Vulnerable people seeking asylum have just become fodder for the baying conservative right in this country. They are seen by this government as nothing more than a dog whistle to blow hard on, to race bait and to incite hatred, fear and suspicion. They are being used as a wedge to force people apart in an attempt to bring out the worst in us. And the worst thing is that this government is seeking to normalise this. They want us to believe that this is just part of doing business, that this should just become a normal part of everyday life in Australia, but that view is something that we have to fight. We have to fight so that people in this country do not become desensitised to the cruelty that is part of offshore detention, that is part of imprisonment and that is part of the cruelty that Liberal and Labor inflict by singing from the same song sheet on their refugee and immigration policy. Because, in effect, this bill takes us further down the path of turning immigration detention into a parallel prison system where due process and legal protections do not apply. Let's be clear: in most countries the people who are having this inflicted on them would be living in the community while their immigration status is resolved; not in offshore detention as Liberal and Labor want, but living in the community while their status is resolved.

People who have sought asylum in Australia, who have committed no crime and who have been through a timely security and health check should not be detained indefinitely with their fate decided at the minister's discretion. Any move to weaken the protection for people in detention, whether asylum seekers or not, is troubling. People in Australia's immigration detention centres are incredibly diverse in both background and personal circumstances, and many of those detainees, even on the government's own reckoning, are low risk. So what possibly could be the measure for applying these punitive detentions to those people that even the government says are low risk? The Australian Greens share the Human Rights Commission view that a blanket application of restrictive measures by the designation of prohibited items by the minister to all people in detention, regardless of their individual circumstances, 'may not be a necessary, reasonable or proportionate response to the identified risks'.

Many of the submissions received in relation to this bill have highlighted the potential for this bill to infringe on the rights of people in detention. The Law Council of Australia noted that there are inadequate protections in place for detainees in relation to the bill's expansion of search powers. They said, in terms that should chill us all:

There is no requirement for a warrant, nor is there a requirement for the authorised officer to hold a reasonable suspicion that a detainee might be harbouring a prohibited thing. The Bill contains no limitations on how searches are to be carried out, including in respect of how often they are conducted, what time of day they can be carried out, or how many times individuals can be searched.
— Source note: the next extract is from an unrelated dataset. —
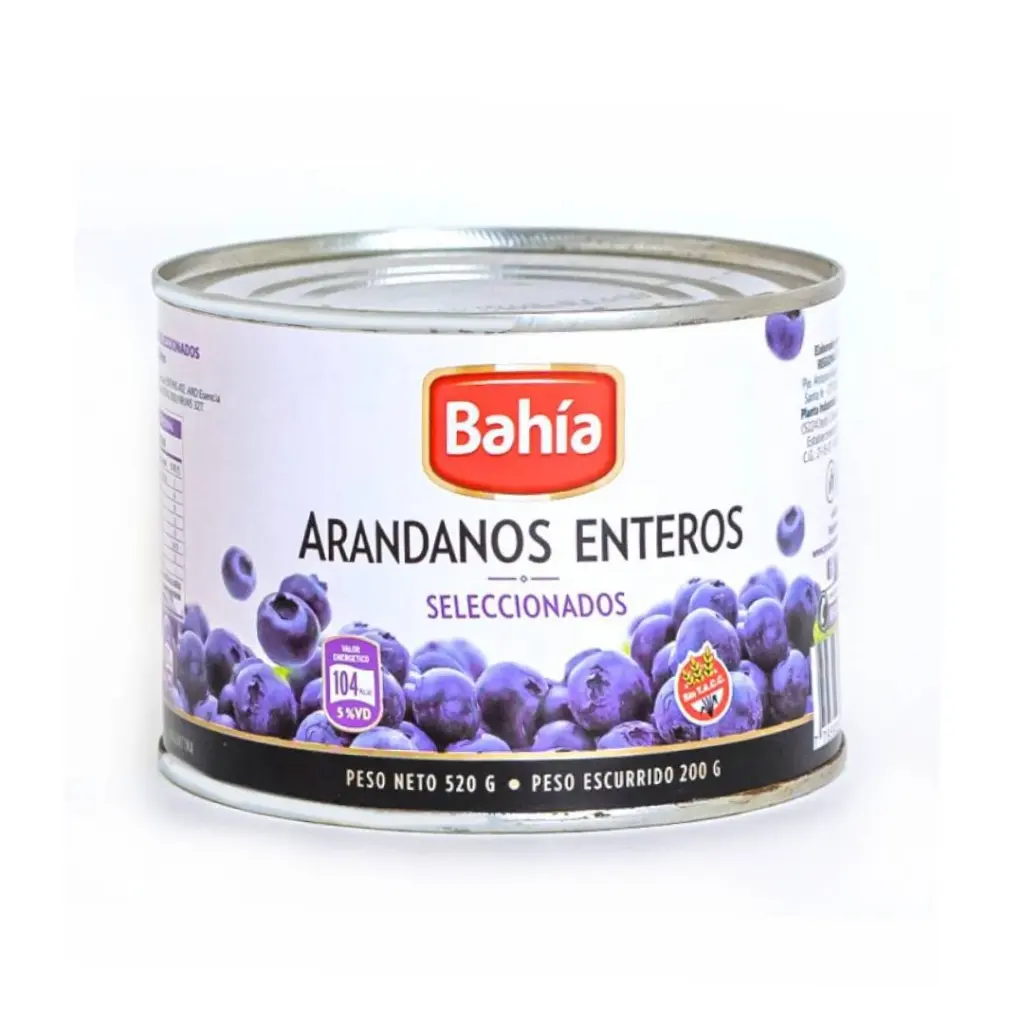 ARANDANOS BAHIA EN ALMIBAR 520GR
This bill is indicative of an alarming trend to increase the discretionary power of the home affairs minister. If there is anyone in this country who deserves to have the parliament watching every move he makes, it's the home affairs minister, Peter Dutton, but instead he comes in here saying, 'I want more power, I want more power.'

The Refugee Advice & Casework Service and the Asylum Seeker Resource Centre submitted and they made this point:

It is significant that legislative instruments made by the Minister for the purposes of determining new prohibited things would not be disallowable by the Senate. This limit on parliamentary oversight of the Minister's open-ended power to ban and confiscate classes of objects should be of concern …

And they were right to say that. Indeed, it is worrying, as the submission goes on to say, that the minister's already broad discretionary powers are proposed to be expanded in such a broad and vague manner.
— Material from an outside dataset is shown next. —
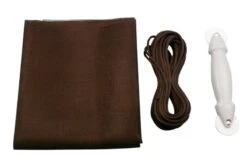 Prime-Line Black Fiberglass Screen Door Repair Kit 48 In. W X 84 In. L 1 Pk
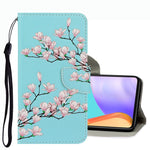 Custodia per telefono in pelle con disegno colorato 3D, For Samsung Galaxy A53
Ask yourself: who benefits from stripping people in immigration detention of mobile phones? Who benefits from that? Why is that necessary? Why strip people of the ability to communicate with loved ones or simply access the internet? The evidence is clear. The telecommunications that are available to detainees at the moment are not available without their mobile phones, so what is the possible justification? Who could benefit from it? Only a government that wants to bury in secrecy what it is doing in these offshore hellholes. This government and this home affairs minister have built an entire system on secrecy and on lack of transparency.

When the minister talks about on-water matters or operational matters, he is saying that Australians do not have the right to know what is being done in our name. That is the secrecy which allows this minister to keep abusing human rights. Brave journalists in detention have been able to communicate with the outside world, despite the controls put on them. Behrouz Boochani, in particular, has reported tirelessly from Manus Island, directly via social media. Australians and people worldwide have seen the art of the cartoonist Eaten Fish. Reports have come out about the reality of Australia's cruel detention regime—and let's remember this is a detention regime that enjoys the support of Labor and Liberals—and the government has been unable to control those reports because the truth has been revealed.
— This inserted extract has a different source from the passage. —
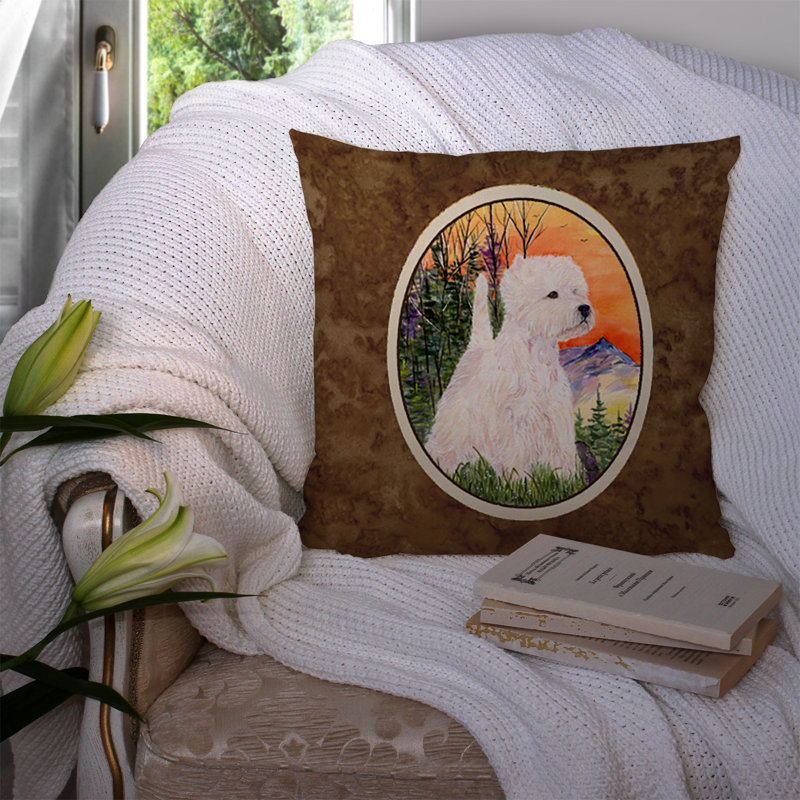 Coussin décoratif intérieur/extérieur westie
I've heard justifications for this bill from the minister, but when a minister who has spent an entire career increasing his own unaccountable power and obscuring as much information as possible from the Australian people tries to introduce a law to remove one of the remaining tools to share information about his actions then you don't have to be a conspiracy theorist to be worried. Let's also be clear that, in introducing this bill, the government is setting out to formalise a system of increasing criminalisation of people in immigration detention. We are already seeing harsher and harsher measures directed at people in detention centres, both in Australia and offshore. It is clear now that this system, set up and supported by Labor and now run by the Liberals, is a system that is designed to punish people—people who have committed no crime. It is becoming increasingly a system designed to punish people. We are now endorsing a process that says, 'We want to turn Australia and its detention centres into places that are worse than the places that you fled, in the hope that conditions in these hellholes might be so bad that you decide to go back and face war, face persecution and face torture.' That is not something which we should sign up to.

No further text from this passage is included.